Published on Author Brian WhiteLeave a comment

During these last few decades, diving watches have seen some changes. Many of the changes have been style oriented, and tailored more for desk divers, but some of the changes have been meaningful. Every dive watch is designed to tackle at least some form of diving. Some are more for the style of it all, but others are quite serious about deep diving and scuba. Therefore in this article i will talk about what it means to be a dive watch, and what is best o look for when pondering buying one.

In the beginning when considering a dive watch, the buyer should pay close attention to the depth of water resistance the watch offers. For most dive watches, 100 meters and 200 meters are basically standard levels of water resistance. This mean the resistance at static water pressure levels tested in a lab. Most diving agencies make sure the casual diver does not go beyond 130 feet deep. 100 meters is 328 feet plus, and that is plenty of protection for standard casual diving situations. The biggest danger to a mechanical watch is moisture from the outside of the case.

It can cause the ever important movement to become eroded. In an effort to prevent such damage, many watch makers supply the watch with a screw down crown. This requires the owner to screw the crown in or out to gain access, and the protect the interior. Some believe screw down crowns and casebacks are a hassle, but they are a very good idea to avoid the possibility of water finding its way inside the watch.
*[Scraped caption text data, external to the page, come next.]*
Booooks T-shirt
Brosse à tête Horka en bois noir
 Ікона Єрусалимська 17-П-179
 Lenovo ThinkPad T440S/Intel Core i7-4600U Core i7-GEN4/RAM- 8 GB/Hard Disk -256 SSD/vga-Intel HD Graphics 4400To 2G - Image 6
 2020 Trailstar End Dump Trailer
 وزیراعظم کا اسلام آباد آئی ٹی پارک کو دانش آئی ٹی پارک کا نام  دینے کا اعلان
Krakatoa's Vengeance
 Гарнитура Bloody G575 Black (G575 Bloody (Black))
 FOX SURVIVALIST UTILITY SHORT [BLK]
Screw down capability also protects the watch from other elements like dust and dirt. So make sure the watch you buy at least is made from a high quality stainless corrosion resistant level of steel.

Another aspect to a good dive watch is that rotating bezel, which on a good dive watch, will be unidirectional most of the time. Having the bezel be unidirectional helps to avoid mistakes being made when measuring time relevant to how much gas remains in the divers tank. The rotating bezels are somewhat obsolete now because modern diving computers take care of all that, but its is still a nice feature to have on the dive watch, and is appreciated by more mature, old school diving enthusiasts.

Lastly we should should touch on the importance of a good watch strap or bracelet for your dive watch. In water, a rubber strap is best, or you could go with a stainless steel bracelet. Such steel is easy to clean, and quality rubber requires little to no maintenance at all. In some cases you could get away with using a nylon strap, but they have a tendency to acquire an odor over time, and some of them do not feel quite dry after taking a dip. I would only use a leather strap if the watch was for casual wear only. I hope this article was of use to you, and thanks for reading. Take care, and ave a great next dive.